* [Data section]
■ ■ ■ ■ ■

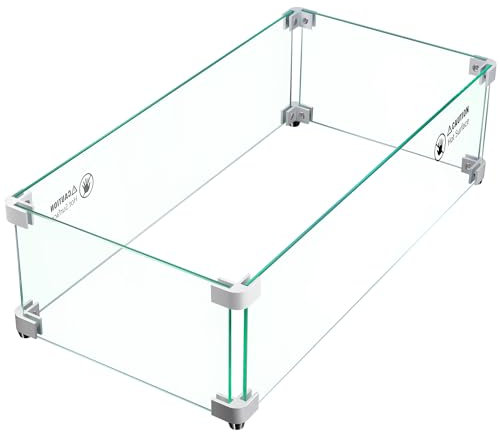 Pariplus Windschutz für Feuerstelle, rechteckig, 61 x 30,5 x 17,8 cm, für Gas-Feuerstelle, dickes und langlebiges gehärtetes Glas mit harten Aluminium-Eckhalterungen, einfache Montage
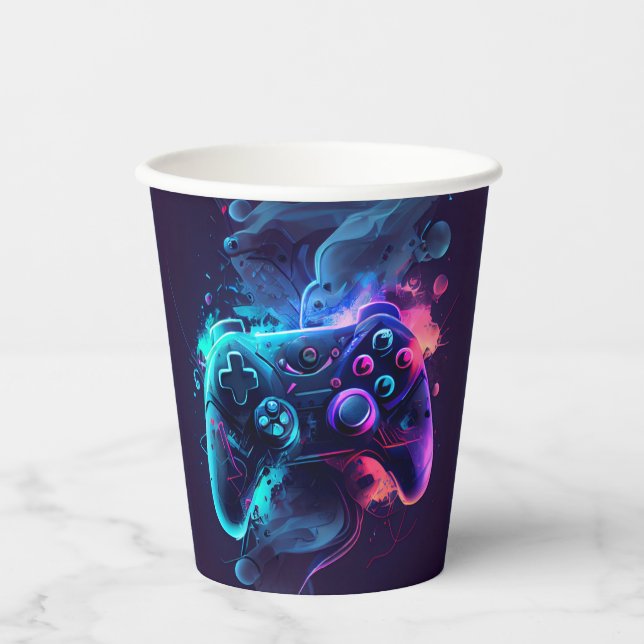 Trendspass Spiele Controller Geburtstag Pappbecher (Vorderseite)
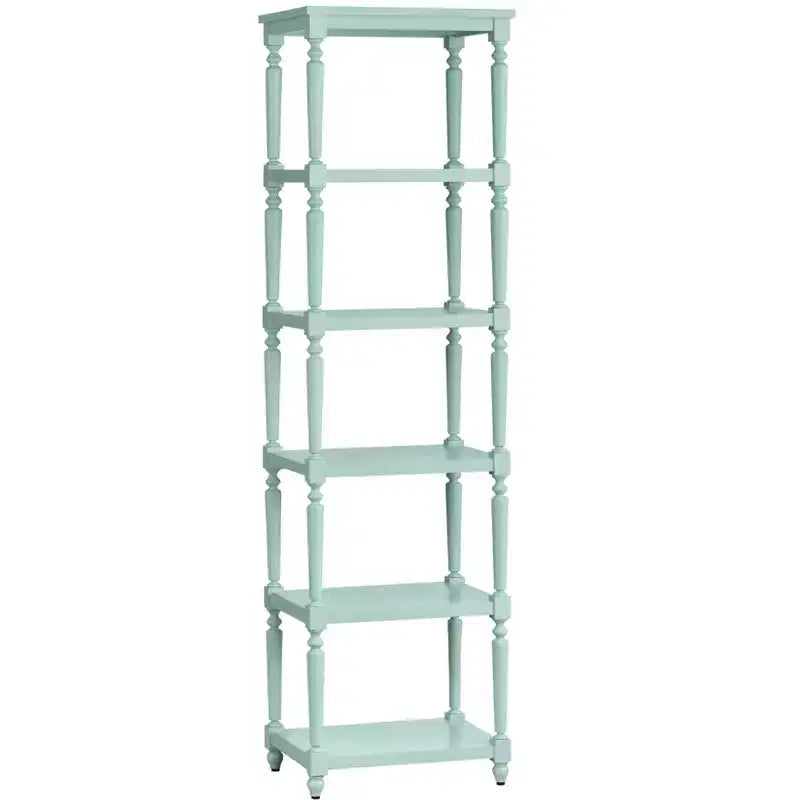 Crestview Collection 71.25 in. Blue Solid Wood 5 Shelf Etagere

■ ■ ■ ■ ■

* [Task instructions]
Return the complete data unchanged and include none of the pictures.

* [Result]
 Pariplus Windschutz für Feuerstelle, rechteckig, 61 x 30,5 x 17,8 cm, für Gas-Feuerstelle, dickes und langlebiges gehärtetes Glas mit harten Aluminium-Eckhalterungen, einfache Montage
 Trendspass Spiele Controller Geburtstag Pappbecher (Vorderseite)
 Crestview Collection 71.25 in. Blue Solid Wood 5 Shelf Etagere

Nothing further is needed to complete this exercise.